START MATERIAL PROVIDED

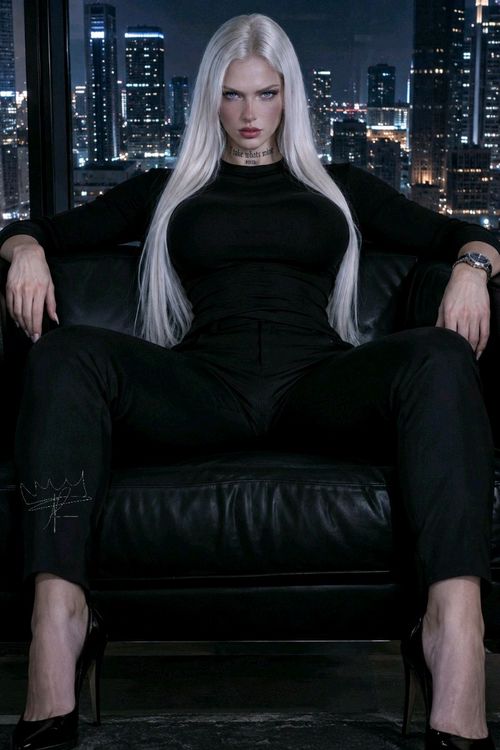 Greed Keberabkova Hintergrund
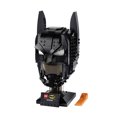 thumbnail image 2 of LEGO DC Batman Capot Modèle de Construction de Collection pour les Adultes Âgés de 18 Ans et Plus, 2 of 7
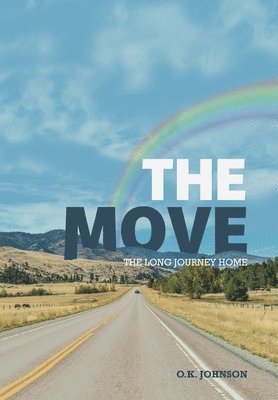 The Move 1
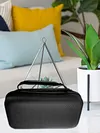 Protector Carrying Case Dustproof Portable Storage Bag for HY320/HY300 Projector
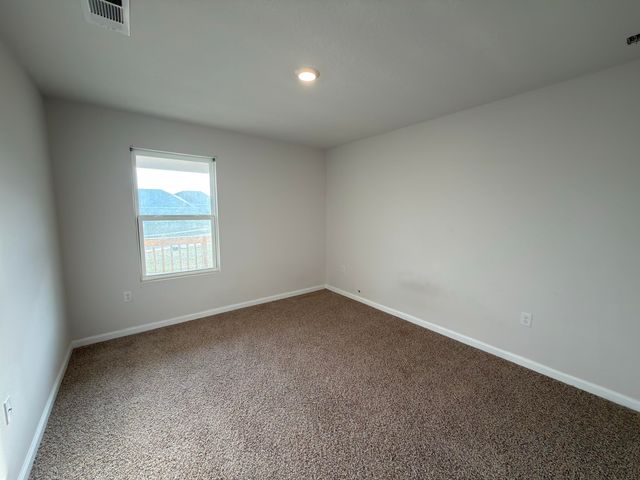 3545 Sugar Maple Lane, Crestview, FL 32539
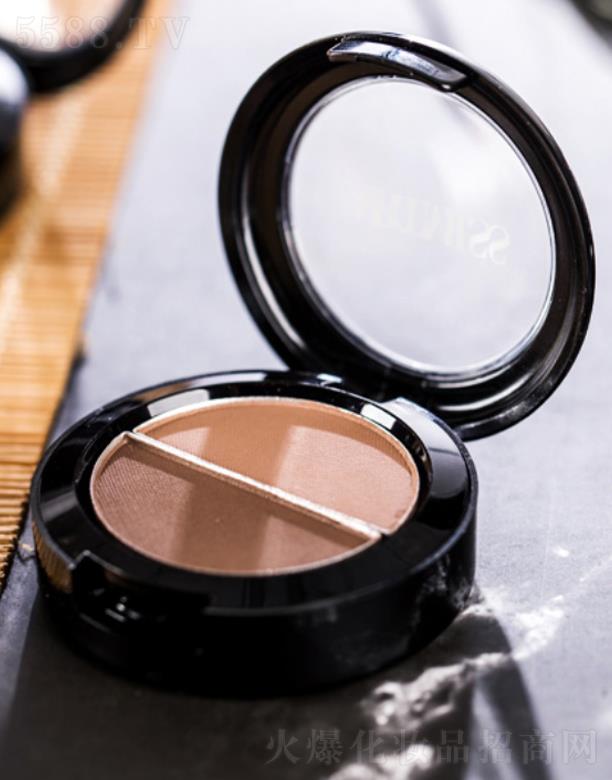 VRٻyƷ޹˾AROMISSʽzü  (x)āȻ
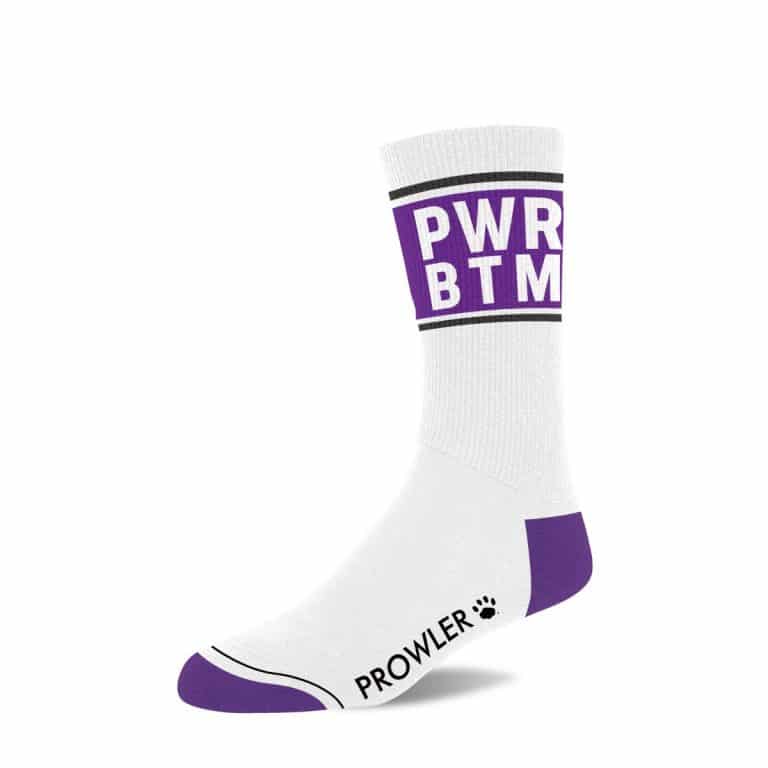 mockup_pr-sock-pwrbtm_single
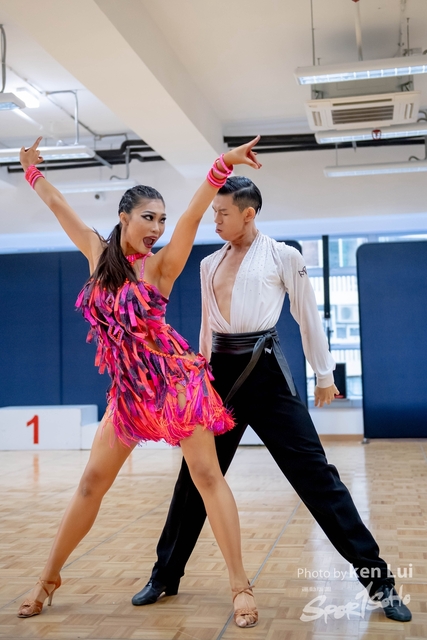 20221113 Dance (1050 - 1136)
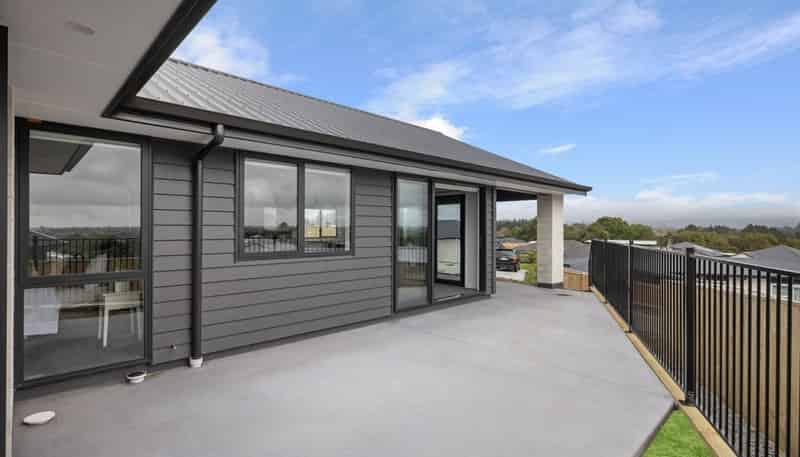48 Pinkerton Place, Ohauiti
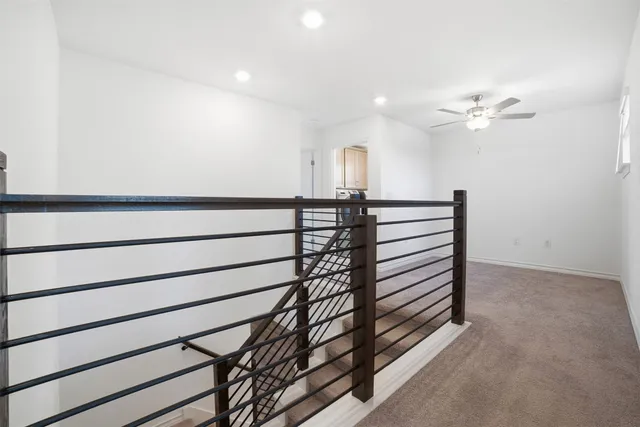 $2,275 | 13606 Fire Island Drive, Pflugerville, TX 78660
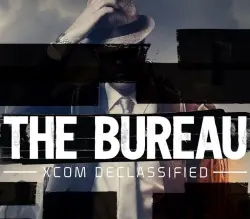 The Bureau: XCOM Declassified | Ключ Steam [RUSSIA + WORLD]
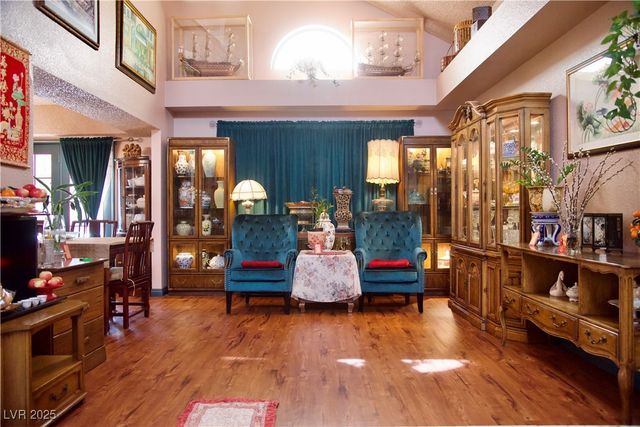 9113 Anchor Cove Court, Las Vegas, NV 89117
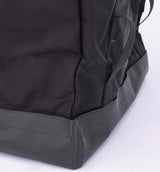 Last US Bag 500 Series Lift Bag, 20"x20"x28"
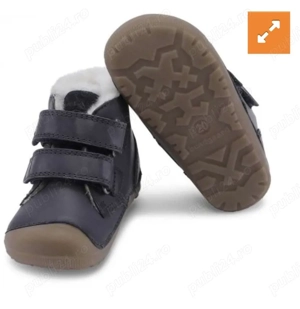 Ghete ortopedice copii - imagine 2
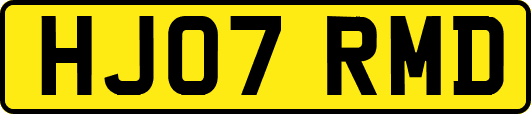 HJ07RMD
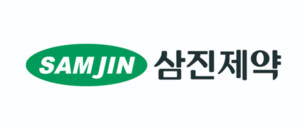 30961 34429 4848 v150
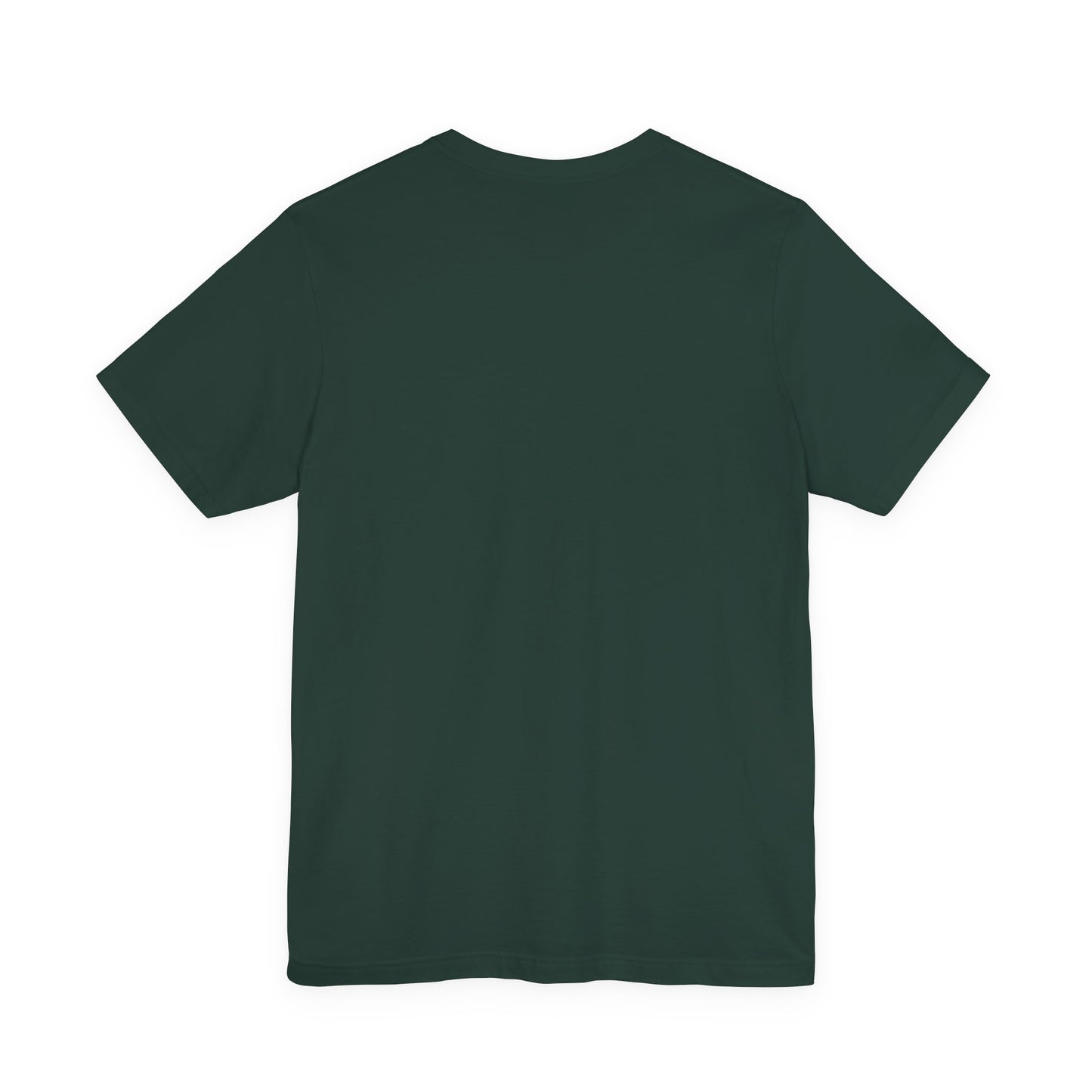 Cute Coffee Lover T-Shirt, Brew-tiful Mornings Start Here Tee, Perfect for Baristas, Gift for Coffee Enthusiasts, Cozy Everyday Wear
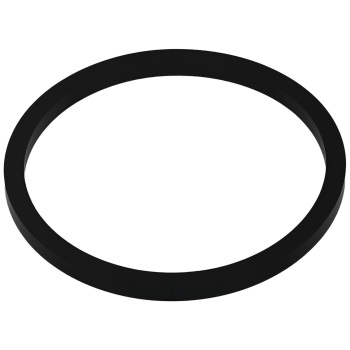 Electric Fuel Pump Module Assembly for 1987-1990 compatible for Jeep Cherokee XJ 4.0L E7091S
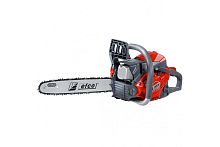 Бензопила Efco MTH 400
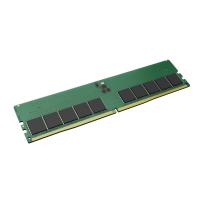 Kingston Technology KSM56E46BD8KM-48HM memory module 48 GB 1 x 48 GB DDR5 2800 MHz, view image 3 of 4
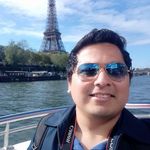 David Frias Bastar - @bastardavid - Instagram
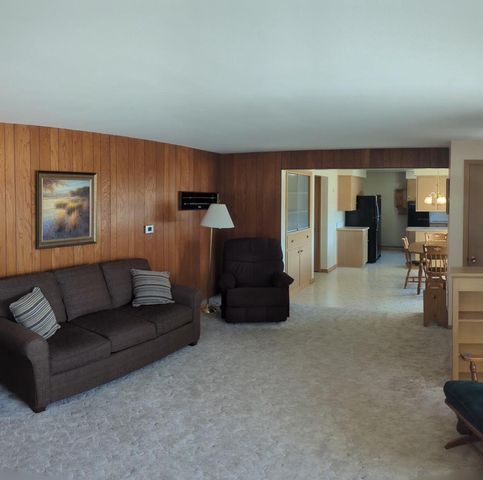 1318 Humboldt AVENUE, Sheboygan, WI 53081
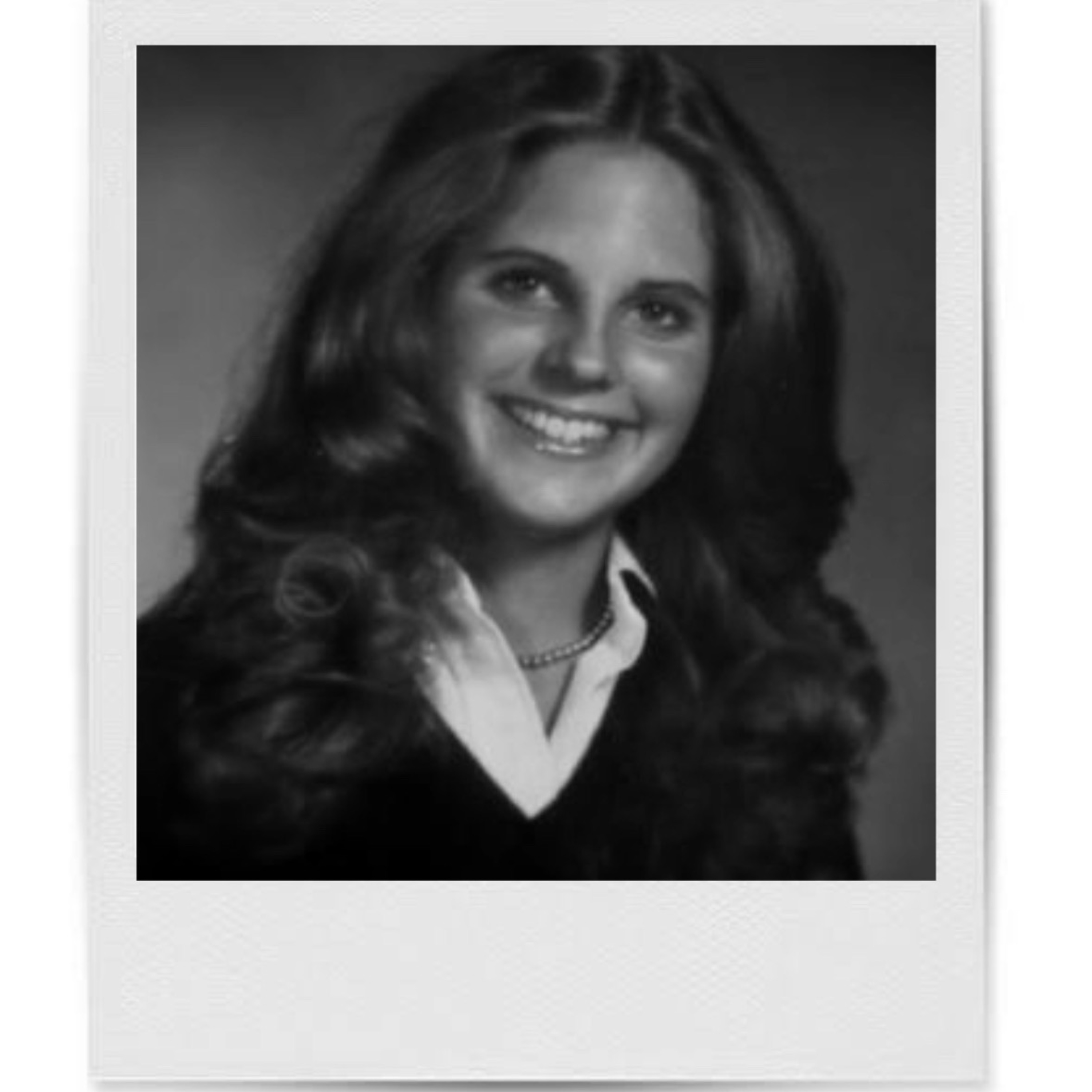 A Promise Kept: The Murder of Angela Samota and a Best Friends Determination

END MATERIAL PROVIDED

**BRIEF**
Reproduce exactly, and only, the part of the entries above that runs from the line with "48 Pinkerton Place, Ohauiti" to the last line, both included. Pictures stay out.

**ANSWER TO THIS PROBLEM**
48 Pinkerton Place, Ohauiti
 $2,275 | 13606 Fire Island Drive, Pflugerville, TX 78660
 The Bureau: XCOM Declassified | Ключ Steam [RUSSIA + WORLD]
 9113 Anchor Cove Court, Las Vegas, NV 89117
 Last US Bag 500 Series Lift Bag, 20"x20"x28"
 Ghete ortopedice copii - imagine 2
 HJ07RMD
 30961 34429 4848 v150
 Cute Coffee Lover T-Shirt, Brew-tiful Mornings Start Here Tee, Perfect for Baristas, Gift for Coffee Enthusiasts, Cozy Everyday Wear
 Electric Fuel Pump Module Assembly for 1987-1990 compatible for Jeep Cherokee XJ 4.0L E7091S
 Бензопила Efco MTH 400
 Kingston Technology KSM56E46BD8KM-48HM memory module 48 GB 1 x 48 GB DDR5 2800 MHz, view image 3 of 4
 David Frias Bastar - @bastardavid - Instagram
 1318 Humboldt AVENUE, Sheboygan, WI 53081
 A Promise Kept: The Murder of Angela Samota and a Best Friends Determination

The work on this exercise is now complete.